You ain't playing Plato.  You don't play.

Some where between the kid care and the door (which is roughly ten feet from each other) my drama queen decides that he has to go visit the staff at the front desk and when I don't immediately turn around and make my way he turns into the Tasmanian devil right there in my arms.

So just to keep the tally going, I'm carrying a diaper bag, a gym bag, a 15 month old that doesn't walk, a screaming, wailing, tantrum throwing 19 month old that can walk and my oldest is just trying to hold on to any part of my that isn't going to be kicked by little feet.

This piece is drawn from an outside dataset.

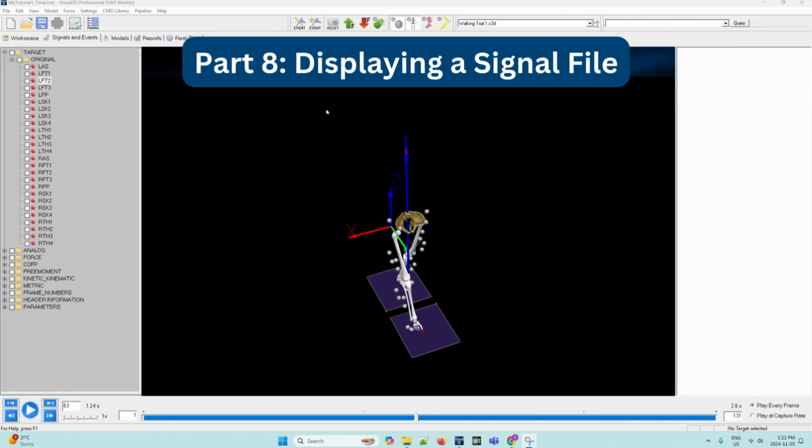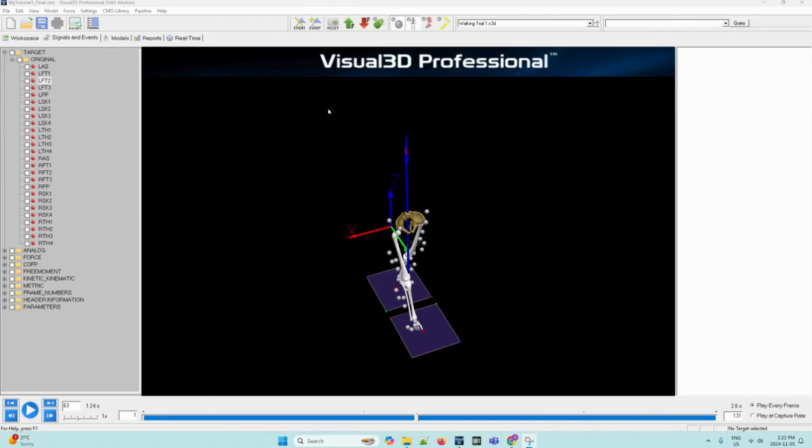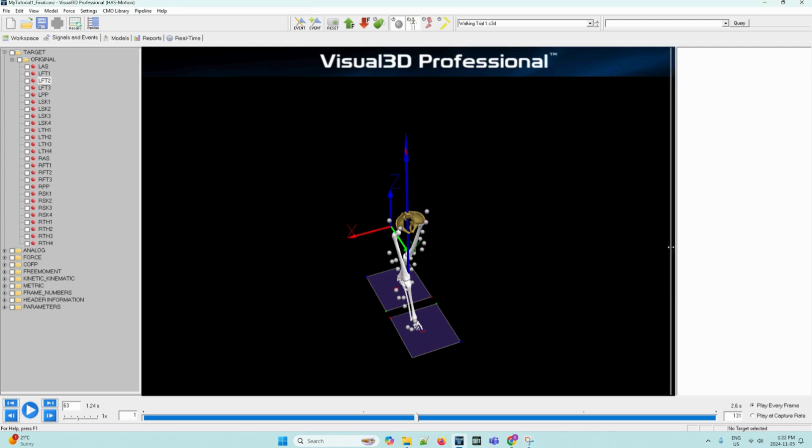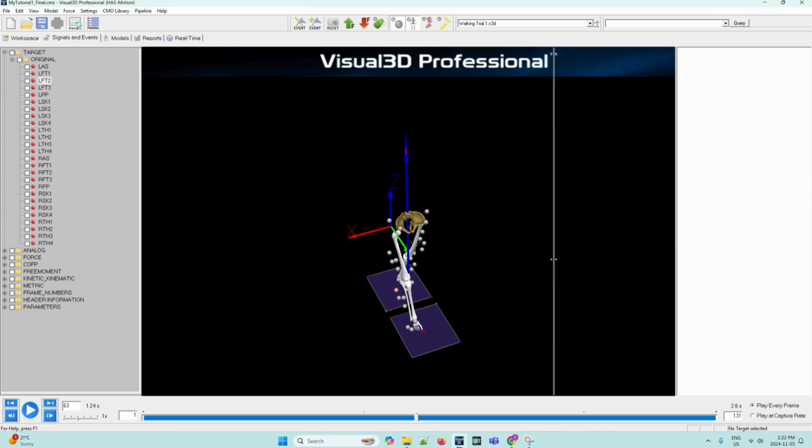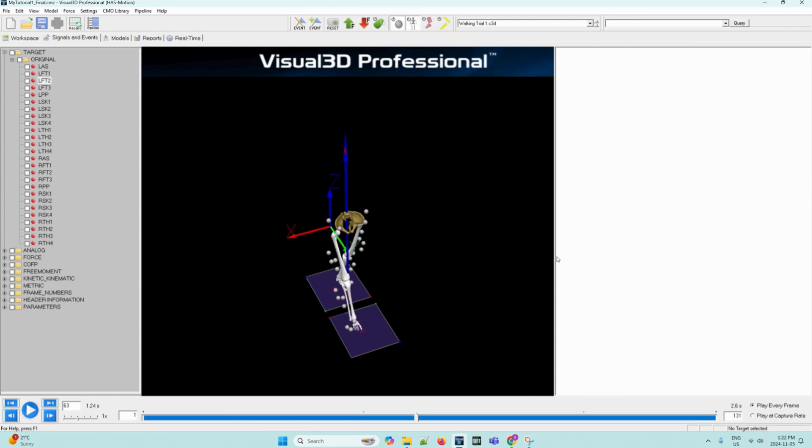There is another way to view signal graphs other than the signal data graphs in the data view window that we saw previously. These graphs that we will see are interactive and offer different viewing options of the data that we will explore later. When activated, signal graphs appear on the right side of the screen and can be used to visualize or add event labels. So we can move the viewing area of the model to the left by left clicking and dragging to make some room for the graphs that will be placed here.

I make it out the door and about a quarter of the way to the car before my son miraculously turns into Vaseline and is now slipping down my body.  I have nothing else to hold on to other then his hair and I know that's not going to hold him, so he eventually drops to the floor.  In the parking lot.  DANGER DANGER!

At this point I am trying to get to point A (the gym) to point B (my car) as quickly as humanly possible  since we are now past the point of no return and we are in the parking lot where there are a lot of old people who can't see out their windshields on a good day.  So I do the only thing I can do.  I grab my son by the back of his shirt and carry him the rest of the way like a duffle bag.

They are insane behind a wheel.
I have come to the conclusion that kids need to come with handles.

Finally, I make it back to the car and my son has kinda stopped screaming since the air was being cut off by the collar of his shirt and I just start throwing kids and bags in the car while my son collapses on to the pavement for the second time.  I figure I've got some time before he recovers so I start strapping kids into the car.

Well, he decides to take that opportunity of distraction and darts into the road.  My heart sinks and I am on my feet faster then I thought possible, diving into my son before he makes it past the parked cars into the road.  Now he is back to screaming while I am screaming about the merits of staying with your mother in a parking lot and why don't you ever listen to me and is it really so bad here with me that you have been spending every single moment since you were placed in my arms trying to kill yourself!

Now I am wrestling the child into his car seat as he cries so hard he is now gagging and so close to throwing up all over himself that I'm just trying to make it out of there without getting vomit on my person.  That's when my husband calls.  "Hows your day going?"

"You don't really want to know."

But all ended well.  No one got dead, I didn't have to kill anyone and everyone fell asleep on the way home.  Which is literally 3 minutes from the gym.  I guess I could probably avoid another meltdown if he just gets some sleep.  And you know what I say to that?

Maybe you should sleep through the night!